# TASK INSTRUCTIONS
Find "Ethiopian Prints: Decorated" and "POWERING AHEAD: Yiyi" in the records below. Copy the lines holding them and every line between, exactly, and no others.

= Beginning of Section =

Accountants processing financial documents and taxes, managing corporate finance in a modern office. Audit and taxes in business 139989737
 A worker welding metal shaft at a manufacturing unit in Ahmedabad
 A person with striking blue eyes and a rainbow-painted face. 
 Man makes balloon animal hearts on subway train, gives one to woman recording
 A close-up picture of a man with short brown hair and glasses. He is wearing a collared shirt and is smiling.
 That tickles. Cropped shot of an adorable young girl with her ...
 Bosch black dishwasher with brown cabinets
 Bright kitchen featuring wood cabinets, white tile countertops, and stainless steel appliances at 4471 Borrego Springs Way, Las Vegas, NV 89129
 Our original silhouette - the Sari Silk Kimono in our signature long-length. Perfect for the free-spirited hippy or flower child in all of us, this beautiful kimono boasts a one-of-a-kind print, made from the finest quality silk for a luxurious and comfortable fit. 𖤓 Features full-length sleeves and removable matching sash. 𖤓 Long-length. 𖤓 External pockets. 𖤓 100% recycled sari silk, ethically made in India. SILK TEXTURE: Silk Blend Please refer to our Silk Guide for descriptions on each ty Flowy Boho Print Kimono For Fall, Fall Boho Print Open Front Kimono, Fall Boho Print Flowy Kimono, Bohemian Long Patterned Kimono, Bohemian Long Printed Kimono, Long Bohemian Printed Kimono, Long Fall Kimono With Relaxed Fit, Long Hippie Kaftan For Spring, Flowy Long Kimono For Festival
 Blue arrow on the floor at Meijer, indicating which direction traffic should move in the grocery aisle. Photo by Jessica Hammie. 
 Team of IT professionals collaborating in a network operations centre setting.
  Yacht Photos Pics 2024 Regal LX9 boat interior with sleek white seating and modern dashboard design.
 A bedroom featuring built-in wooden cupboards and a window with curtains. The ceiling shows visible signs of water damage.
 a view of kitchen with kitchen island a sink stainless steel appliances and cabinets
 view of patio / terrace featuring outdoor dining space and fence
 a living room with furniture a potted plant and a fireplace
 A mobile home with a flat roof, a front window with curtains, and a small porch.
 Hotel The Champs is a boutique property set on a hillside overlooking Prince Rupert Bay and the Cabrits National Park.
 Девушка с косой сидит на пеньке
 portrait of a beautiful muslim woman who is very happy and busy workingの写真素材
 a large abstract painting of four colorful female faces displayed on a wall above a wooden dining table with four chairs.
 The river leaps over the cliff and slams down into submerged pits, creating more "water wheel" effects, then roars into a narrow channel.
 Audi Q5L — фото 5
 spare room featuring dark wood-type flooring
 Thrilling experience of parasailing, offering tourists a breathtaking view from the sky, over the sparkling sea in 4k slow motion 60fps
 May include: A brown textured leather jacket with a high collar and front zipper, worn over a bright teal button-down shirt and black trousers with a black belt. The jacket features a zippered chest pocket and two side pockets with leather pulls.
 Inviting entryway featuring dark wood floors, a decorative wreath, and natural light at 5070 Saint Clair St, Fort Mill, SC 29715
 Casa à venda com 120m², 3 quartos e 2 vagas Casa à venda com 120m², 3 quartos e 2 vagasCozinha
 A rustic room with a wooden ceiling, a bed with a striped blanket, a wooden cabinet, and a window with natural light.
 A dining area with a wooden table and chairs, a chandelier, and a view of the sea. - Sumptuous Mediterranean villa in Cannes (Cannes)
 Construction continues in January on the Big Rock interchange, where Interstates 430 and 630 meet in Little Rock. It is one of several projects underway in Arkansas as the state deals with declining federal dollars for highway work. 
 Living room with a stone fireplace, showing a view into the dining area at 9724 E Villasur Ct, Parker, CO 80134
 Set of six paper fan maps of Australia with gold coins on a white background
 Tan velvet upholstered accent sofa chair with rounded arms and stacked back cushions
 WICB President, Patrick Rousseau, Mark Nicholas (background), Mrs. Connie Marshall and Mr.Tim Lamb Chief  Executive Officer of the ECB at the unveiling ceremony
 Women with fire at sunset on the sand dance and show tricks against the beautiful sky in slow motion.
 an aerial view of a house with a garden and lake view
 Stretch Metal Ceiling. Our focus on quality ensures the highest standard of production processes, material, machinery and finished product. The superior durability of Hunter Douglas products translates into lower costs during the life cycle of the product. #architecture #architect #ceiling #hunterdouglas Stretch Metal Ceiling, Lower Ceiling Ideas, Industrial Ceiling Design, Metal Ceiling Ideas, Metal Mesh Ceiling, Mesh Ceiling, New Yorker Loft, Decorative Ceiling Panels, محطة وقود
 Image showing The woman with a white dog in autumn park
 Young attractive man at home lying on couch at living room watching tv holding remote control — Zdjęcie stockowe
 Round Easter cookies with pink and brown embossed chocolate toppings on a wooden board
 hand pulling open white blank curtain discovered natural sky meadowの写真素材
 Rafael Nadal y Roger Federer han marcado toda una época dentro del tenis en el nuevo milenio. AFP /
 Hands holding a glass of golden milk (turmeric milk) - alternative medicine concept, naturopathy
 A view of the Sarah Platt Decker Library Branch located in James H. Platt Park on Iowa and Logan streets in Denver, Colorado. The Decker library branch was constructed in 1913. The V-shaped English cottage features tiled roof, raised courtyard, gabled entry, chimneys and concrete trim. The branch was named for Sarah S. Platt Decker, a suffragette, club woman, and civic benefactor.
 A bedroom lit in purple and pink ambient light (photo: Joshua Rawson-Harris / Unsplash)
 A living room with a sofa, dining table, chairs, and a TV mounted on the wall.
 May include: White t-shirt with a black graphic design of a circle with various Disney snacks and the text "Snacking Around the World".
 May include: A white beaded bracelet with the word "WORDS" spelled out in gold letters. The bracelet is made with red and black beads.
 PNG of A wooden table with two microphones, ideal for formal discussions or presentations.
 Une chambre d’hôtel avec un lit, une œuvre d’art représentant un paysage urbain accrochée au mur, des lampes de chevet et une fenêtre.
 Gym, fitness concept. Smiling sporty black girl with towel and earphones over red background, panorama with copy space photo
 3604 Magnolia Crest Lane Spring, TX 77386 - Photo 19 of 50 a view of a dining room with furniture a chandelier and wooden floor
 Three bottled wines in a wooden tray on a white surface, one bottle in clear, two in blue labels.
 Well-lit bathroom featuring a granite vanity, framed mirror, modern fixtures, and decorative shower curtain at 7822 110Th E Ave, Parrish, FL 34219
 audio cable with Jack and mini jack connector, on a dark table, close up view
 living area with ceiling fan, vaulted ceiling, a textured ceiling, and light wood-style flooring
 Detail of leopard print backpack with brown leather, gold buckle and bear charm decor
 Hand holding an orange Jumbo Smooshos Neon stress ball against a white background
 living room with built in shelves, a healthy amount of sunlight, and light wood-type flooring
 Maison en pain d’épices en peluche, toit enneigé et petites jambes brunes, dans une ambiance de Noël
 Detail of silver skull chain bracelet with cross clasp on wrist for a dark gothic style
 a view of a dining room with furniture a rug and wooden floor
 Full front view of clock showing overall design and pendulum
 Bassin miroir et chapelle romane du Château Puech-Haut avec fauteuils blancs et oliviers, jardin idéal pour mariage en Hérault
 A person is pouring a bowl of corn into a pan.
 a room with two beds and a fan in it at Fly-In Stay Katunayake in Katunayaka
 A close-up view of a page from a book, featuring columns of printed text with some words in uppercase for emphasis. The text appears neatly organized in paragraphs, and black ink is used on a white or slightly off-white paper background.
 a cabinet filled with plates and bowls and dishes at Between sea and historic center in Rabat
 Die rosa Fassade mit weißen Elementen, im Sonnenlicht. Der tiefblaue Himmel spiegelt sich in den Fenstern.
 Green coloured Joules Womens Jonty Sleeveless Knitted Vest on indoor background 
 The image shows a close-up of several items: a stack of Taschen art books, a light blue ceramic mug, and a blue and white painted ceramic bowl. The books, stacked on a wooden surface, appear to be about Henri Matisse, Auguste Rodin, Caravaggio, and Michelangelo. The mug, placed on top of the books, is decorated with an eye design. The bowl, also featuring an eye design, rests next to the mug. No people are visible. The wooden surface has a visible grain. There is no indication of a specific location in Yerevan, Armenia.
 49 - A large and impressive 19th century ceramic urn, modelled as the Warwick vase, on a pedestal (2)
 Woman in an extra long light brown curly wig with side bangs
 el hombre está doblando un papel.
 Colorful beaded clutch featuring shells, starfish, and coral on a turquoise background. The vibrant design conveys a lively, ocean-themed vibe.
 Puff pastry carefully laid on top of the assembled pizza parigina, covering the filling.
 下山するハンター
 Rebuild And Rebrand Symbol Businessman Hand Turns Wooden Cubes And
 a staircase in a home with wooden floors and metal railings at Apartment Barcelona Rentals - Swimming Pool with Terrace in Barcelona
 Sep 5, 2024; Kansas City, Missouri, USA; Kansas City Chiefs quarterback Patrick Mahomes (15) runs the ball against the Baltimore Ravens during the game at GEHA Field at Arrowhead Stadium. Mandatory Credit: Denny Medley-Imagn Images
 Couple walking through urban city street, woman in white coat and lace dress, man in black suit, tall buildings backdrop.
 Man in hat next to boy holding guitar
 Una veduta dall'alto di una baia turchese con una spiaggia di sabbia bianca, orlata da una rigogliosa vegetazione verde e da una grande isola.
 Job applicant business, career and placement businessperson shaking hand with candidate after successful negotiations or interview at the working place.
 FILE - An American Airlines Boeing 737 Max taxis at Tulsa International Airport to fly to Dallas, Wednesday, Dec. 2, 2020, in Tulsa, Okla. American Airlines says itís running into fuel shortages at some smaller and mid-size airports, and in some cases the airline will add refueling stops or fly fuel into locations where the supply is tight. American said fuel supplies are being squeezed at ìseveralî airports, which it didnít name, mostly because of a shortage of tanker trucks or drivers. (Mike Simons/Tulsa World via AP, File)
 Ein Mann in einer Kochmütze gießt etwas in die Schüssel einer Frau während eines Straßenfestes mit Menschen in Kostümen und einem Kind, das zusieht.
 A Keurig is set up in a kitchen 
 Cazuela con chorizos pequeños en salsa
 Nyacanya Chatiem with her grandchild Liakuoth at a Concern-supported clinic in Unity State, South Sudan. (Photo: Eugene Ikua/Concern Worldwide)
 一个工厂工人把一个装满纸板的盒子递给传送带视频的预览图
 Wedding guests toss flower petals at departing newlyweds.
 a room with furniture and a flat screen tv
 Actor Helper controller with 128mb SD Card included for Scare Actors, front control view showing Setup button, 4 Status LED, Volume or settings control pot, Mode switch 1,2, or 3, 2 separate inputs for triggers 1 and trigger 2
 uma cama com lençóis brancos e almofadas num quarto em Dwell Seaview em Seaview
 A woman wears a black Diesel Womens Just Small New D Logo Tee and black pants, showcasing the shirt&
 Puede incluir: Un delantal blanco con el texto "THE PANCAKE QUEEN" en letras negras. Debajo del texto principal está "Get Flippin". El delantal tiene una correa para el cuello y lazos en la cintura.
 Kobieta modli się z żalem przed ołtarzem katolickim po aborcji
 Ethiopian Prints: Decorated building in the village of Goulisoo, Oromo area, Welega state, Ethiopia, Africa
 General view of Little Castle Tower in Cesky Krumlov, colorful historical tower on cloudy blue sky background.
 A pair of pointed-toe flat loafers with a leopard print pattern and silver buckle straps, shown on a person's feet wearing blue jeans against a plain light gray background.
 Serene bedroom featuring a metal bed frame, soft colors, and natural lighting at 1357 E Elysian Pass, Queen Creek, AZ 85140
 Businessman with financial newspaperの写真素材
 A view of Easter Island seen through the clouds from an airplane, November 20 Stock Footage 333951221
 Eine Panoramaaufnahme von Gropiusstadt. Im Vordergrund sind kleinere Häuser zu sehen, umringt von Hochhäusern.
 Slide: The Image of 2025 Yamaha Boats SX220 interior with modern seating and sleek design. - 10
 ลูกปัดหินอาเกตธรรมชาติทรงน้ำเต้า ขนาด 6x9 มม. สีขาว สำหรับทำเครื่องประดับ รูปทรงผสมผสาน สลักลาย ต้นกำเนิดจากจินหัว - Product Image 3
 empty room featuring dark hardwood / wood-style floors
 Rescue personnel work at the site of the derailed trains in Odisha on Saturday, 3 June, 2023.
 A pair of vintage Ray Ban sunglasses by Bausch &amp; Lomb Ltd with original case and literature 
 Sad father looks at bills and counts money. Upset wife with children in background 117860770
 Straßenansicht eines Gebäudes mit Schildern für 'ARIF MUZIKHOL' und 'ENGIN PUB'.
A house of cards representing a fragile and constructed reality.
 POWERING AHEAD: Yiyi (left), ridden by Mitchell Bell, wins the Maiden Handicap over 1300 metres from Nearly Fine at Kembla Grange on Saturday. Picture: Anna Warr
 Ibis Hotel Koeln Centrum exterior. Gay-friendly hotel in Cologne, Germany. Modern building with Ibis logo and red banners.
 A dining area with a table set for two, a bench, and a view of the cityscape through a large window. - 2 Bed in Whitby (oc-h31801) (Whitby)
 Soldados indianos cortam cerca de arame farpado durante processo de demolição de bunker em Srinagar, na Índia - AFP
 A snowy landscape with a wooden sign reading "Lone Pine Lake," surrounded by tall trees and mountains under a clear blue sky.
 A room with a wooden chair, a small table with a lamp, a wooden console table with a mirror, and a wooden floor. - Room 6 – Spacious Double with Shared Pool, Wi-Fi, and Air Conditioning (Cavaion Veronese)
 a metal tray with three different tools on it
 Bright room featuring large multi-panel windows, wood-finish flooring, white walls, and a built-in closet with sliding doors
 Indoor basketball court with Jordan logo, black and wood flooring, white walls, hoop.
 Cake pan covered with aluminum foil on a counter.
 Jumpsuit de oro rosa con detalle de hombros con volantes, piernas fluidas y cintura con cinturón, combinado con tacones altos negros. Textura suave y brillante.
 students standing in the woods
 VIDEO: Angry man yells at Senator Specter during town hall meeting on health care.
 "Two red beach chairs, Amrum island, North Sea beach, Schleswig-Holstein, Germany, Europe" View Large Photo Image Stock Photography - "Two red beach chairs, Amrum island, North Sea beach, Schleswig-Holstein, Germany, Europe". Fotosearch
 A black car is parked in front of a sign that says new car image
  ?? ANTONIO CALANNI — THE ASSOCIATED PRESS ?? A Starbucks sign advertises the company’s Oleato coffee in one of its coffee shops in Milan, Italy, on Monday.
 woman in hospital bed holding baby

= End of Section =

# SOLUTION FOR THIS PROBLEM
 Ethiopian Prints: Decorated building in the village of Goulisoo, Oromo area, Welega state, Ethiopia, Africa
 General view of Little Castle Tower in Cesky Krumlov, colorful historical tower on cloudy blue sky background.
 A pair of pointed-toe flat loafers with a leopard print pattern and silver buckle straps, shown on a person's feet wearing blue jeans against a plain light gray background.
 Serene bedroom featuring a metal bed frame, soft colors, and natural lighting at 1357 E Elysian Pass, Queen Creek, AZ 85140
 Businessman with financial newspaperの写真素材
 A view of Easter Island seen through the clouds from an airplane, November 20 Stock Footage 333951221
 Eine Panoramaaufnahme von Gropiusstadt. Im Vordergrund sind kleinere Häuser zu sehen, umringt von Hochhäusern.
 Slide: The Image of 2025 Yamaha Boats SX220 interior with modern seating and sleek design. - 10
 ลูกปัดหินอาเกตธรรมชาติทรงน้ำเต้า ขนาด 6x9 มม. สีขาว สำหรับทำเครื่องประดับ รูปทรงผสมผสาน สลักลาย ต้นกำเนิดจากจินหัว - Product Image 3
 empty room featuring dark hardwood / wood-style floors
 Rescue personnel work at the site of the derailed trains in Odisha on Saturday, 3 June, 2023.
 A pair of vintage Ray Ban sunglasses by Bausch &amp; Lomb Ltd with original case and literature 
 Sad father looks at bills and counts money. Upset wife with children in background 117860770
 Straßenansicht eines Gebäudes mit Schildern für 'ARIF MUZIKHOL' und 'ENGIN PUB'.
A house of cards representing a fragile and constructed reality.
 POWERING AHEAD: Yiyi (left), ridden by Mitchell Bell, wins the Maiden Handicap over 1300 metres from Nearly Fine at Kembla Grange on Saturday. Picture: Anna Warr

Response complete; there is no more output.